Ms Pillay spoke at a panel discussion organised by Anti-Slavery International and La Strada International, with the support of the OSCE/ODIHR and the permanent mission of Germany and the Philippines. The panel discussion was a side event to the UN Human Rights Council 17th Session as part of the international COMP.ACT campaign (European Action for Compensation for Trafficked Persons).

Calls for increased attention to access to justice and compensation were also raised by the President of the Council of Europe’s expert group on trafficking (GRETA) and the OSCE/ODIHR senior trafficking advisor as well as by the German and Philippines ambassadors to the UN.

In her keynote address, the UN Special Rapporteur on Trafficking in Persons, Ms Joy Ngozi Ezeilo, said: “It is a state obligation to ensure access to justice and effective remedies.” Ms Ezeilo made her comments ahead of the formal presentation of her thematic report on effective remedies for trafficked persons to the Human Rights Council tomorrow (Wednesday 1 June 2011).

Trafficking in human beings is a serious human rights violation. People trafficked into forced labour or sexual exploitation are subjected to abuse, exploitation, physical and psychological violence, forced to work long hours with little or no pay, under inhuman working and living conditions.

The United Nations estimate that the annual profits from the global trafficking industry to be $32 billion. According to the US State Department’s 2010 Trafficking in Persons report, across the world 49,105 people were identified as trafficked in 2009 but only a handful of individuals ever received compensation for their suffering.

While compensation is technically available for trafficked people in Europe under the terms of the Council of Europe’s Convention on Action against Trafficking in Human Beings, very few trafficked persons claim compensation and even less actually receive compensation.

Compensation acknowledges the extreme violation of rights and injustice inflicted upon trafficked people and their pain and suffering, as well as their material losses, and constitutes a first step towards overcoming the harm done. It is a very effective tool to help trafficked people rebuild their lives and ensures they receive wages which withheld as a consequence of exploitation.

The main obstacles to compensation are a lack of awareness and knowledge amongst professionals and authorities, limited and conditional compensation funds, as well as a failure to confiscate the assets of traffickers, the non-payment of court-ordered compensation money and a lack of jurisprudence.

Marieke van Doorninck of La Strada International, said: “Compensation for trafficked persons is crucial in the fight against trafficking, not only as an instrument of restorative justice and as prevention of re-trafficking, but also as recognition by the States of the violation of the rights and the damages trafficked people have suffered – after all, cash is an effective remedy.”

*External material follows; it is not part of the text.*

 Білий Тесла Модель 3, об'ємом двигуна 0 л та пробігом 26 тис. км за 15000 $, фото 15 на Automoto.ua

Klara Skrivankova of Anti-Slavery International said: “Governments must remove the obstacles preventing trafficked people from accessing compensation and rights. Although acknowledged as a right, effective remedies for trafficked persons remain merely a theory. It is time to make them a reality.”

Mariana Katzarova of the Office for Democratic Institutions and Human Rights of the Organisation for Security and Cooperation in Europe, said: “Compensation for trafficked persons is a basic human rights issue, centred on a human being entitled to reclaim their dignity and rights through justice being carried out.”

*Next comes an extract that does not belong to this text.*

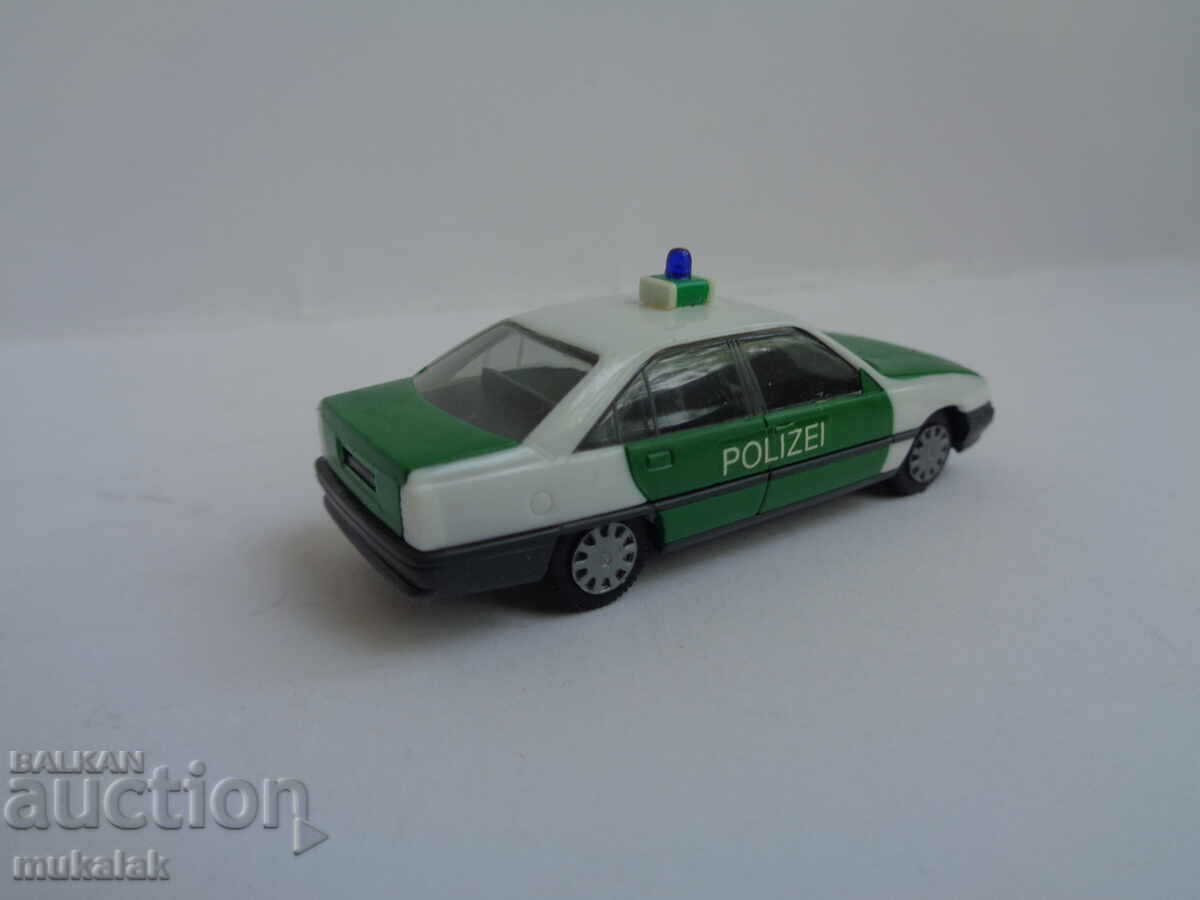 Auction HERPA H0 1/87 OPEL OMEGA POLICE MODEL CAR TOY Auction HERPA H0 1/87 OPEL OMEGA POLICE MODEL CAR TOY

For further media information contact: Paul Donohoe, Anti-Slavery International: +44 20 7501 8934, +44 7779 624385 p.donohoe@antislavery.org

Notes for editors

1. COMP.ACT is a coalition of NGOs, trade unions and legal practitioners from 14 European countries* that combines practical work, including research, test cases and the development of guidelines for professionals, with international advocacy and campaigning for access to justice and right to redress for trafficked people. *(Austria, Belarus, Bosnia & Herzegovina, Bulgaria, Czech Republic, Germany, Ireland, Italy, Macedonia, Moldova, Poland, Spain, Ukraine and United Kingdom).

2. COMP.ACT campaign is institutionally supported by the Council of Europe and the Organization for Security and Co-operation in Europe (OSCE/ODIHR).